Войк ко мне подобрел. И однажды в знак своего внимания ко мне протянул мне изображение обнаженной женщины.
— На, подержи у себя. Но только недолго. Не то ослепнешь.
Я робкой рукой взял карточку, на которой была сфотографирована раздетая женщина в циничной позе.
С раннего детства я проникся почтительным чувством к фотографиям, часто просматривая их в семейном альбоме.
Семейный альбом-это был особый фотографический мир, где пряталось прошлое, уютно и интимно выдавая себя за настоящее, словно давно умершие родственники сумели продлить свое существование, замкнув себя навсегда в так странно застывшем моменте.
Это тоже был момент, пугавший своей обыденностью, момент, который превращался в нечто себе противоположное и длительное.

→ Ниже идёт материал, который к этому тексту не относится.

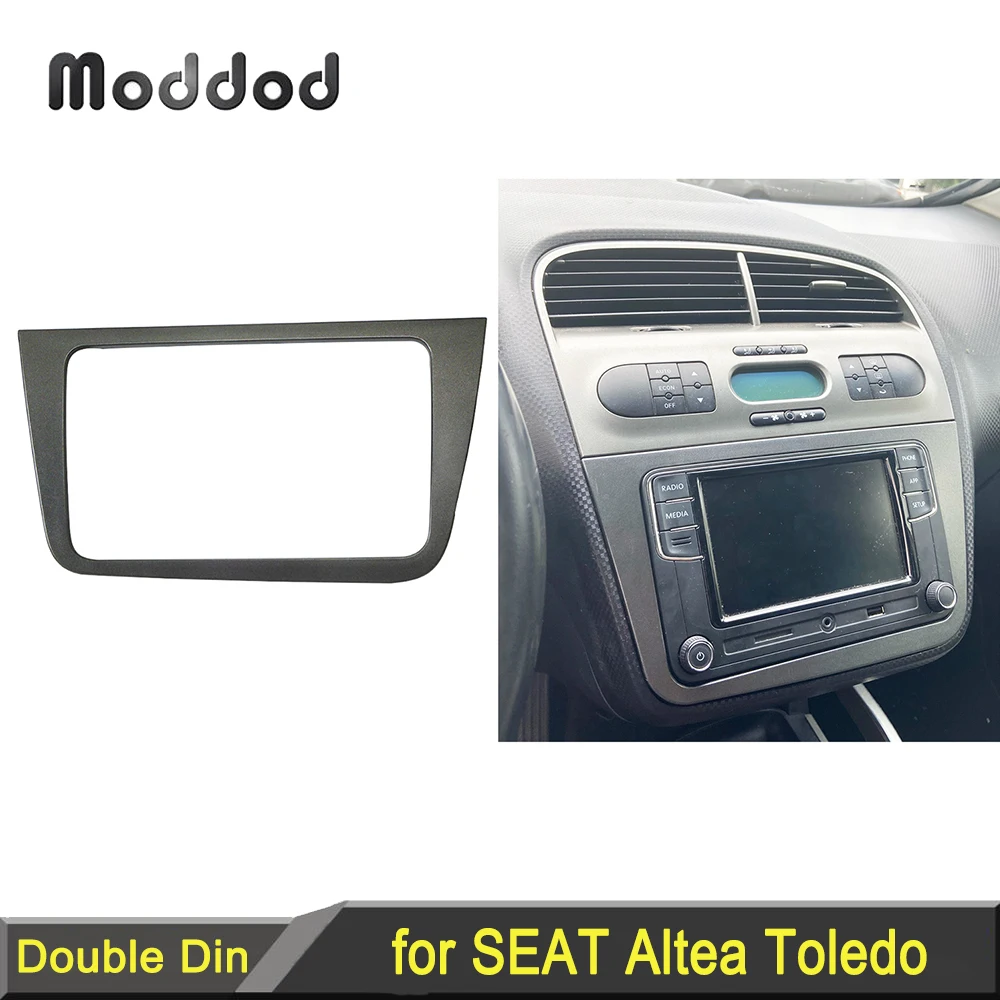 Double 2 Din Car Radio Fascia for Seat Altea 2004+ Toledo 2004-2009 Stereo Panel Dash Mounting Installation Trim Kit Frame Bezel reakosound 7 2 din car radio for toyota corolla 2003 2004 2005 2006 android auto stereo multimedia player head unit with frame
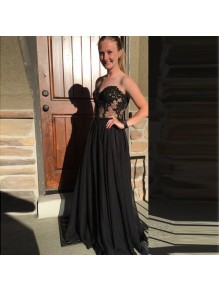 Long Black Lace Top Prom Dresses Sweetheart Evening Gowns 99602195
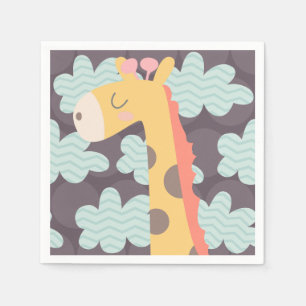 Wolken und Giraffen Serviette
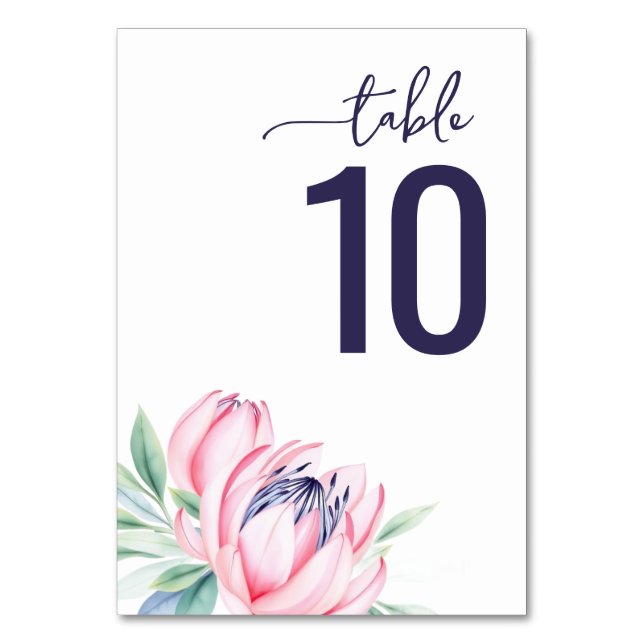 Numeração De Mesa Serene Navy Watercolor Wedding Table Card (Frente)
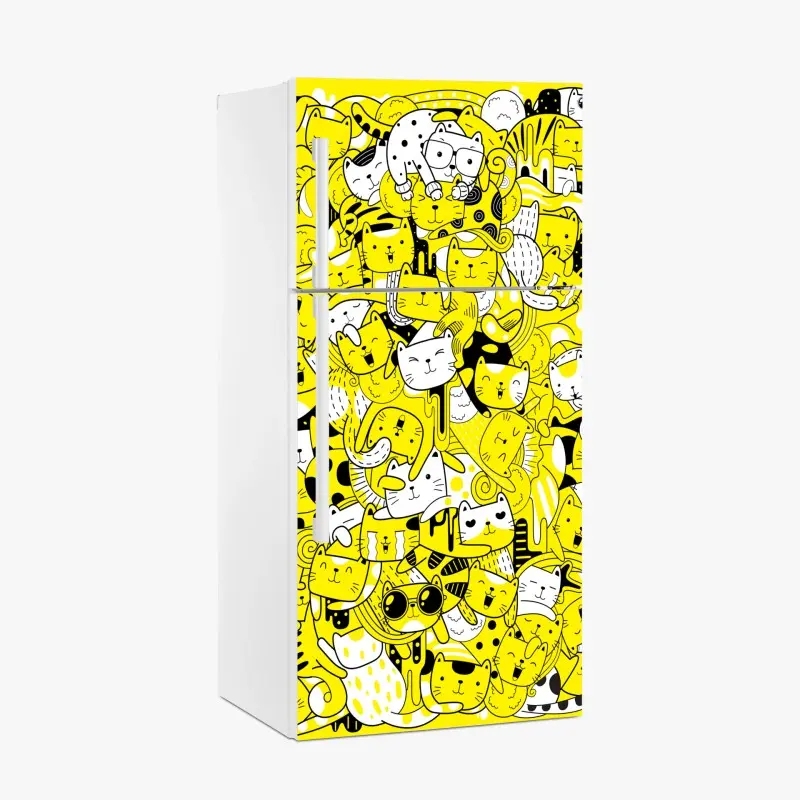Kühlschrankaufkleber verspielte gelbe katzen-collage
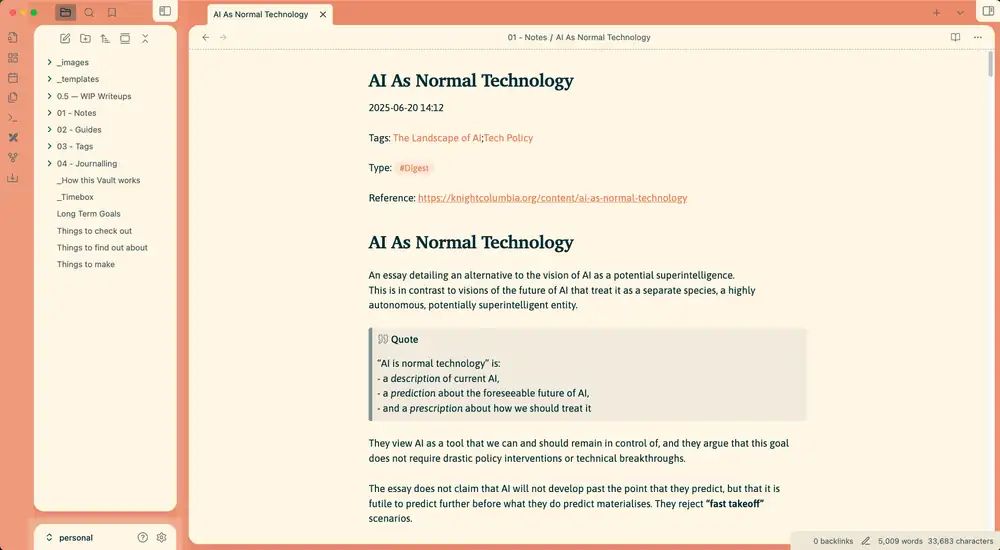 A screenshot of my Obsidian setup.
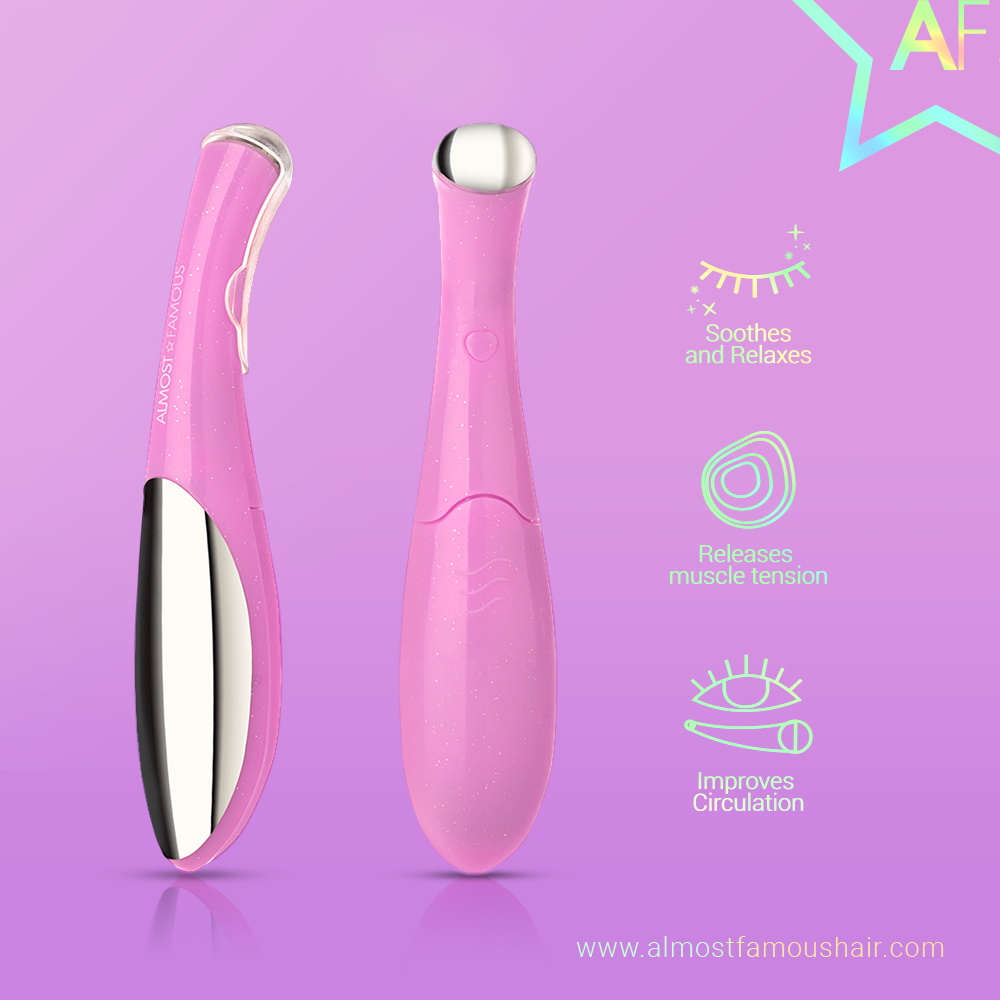 Two pink beauty wands on a purple background with icons and text about relaxation benefits.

Женщина разделась перед объективом фотоаппарата и перед привычными глазами фотографа и, приняв циничную позу, продавала свою наготу, как дешевый, бросовый товар.
Что заставило ее пойти на это? Нищета? Полное безразличие к себе и к другим?
Фотограф, желая заработать, размножил карточки. Одна из них попала к Войку и теперь лежала передо мной.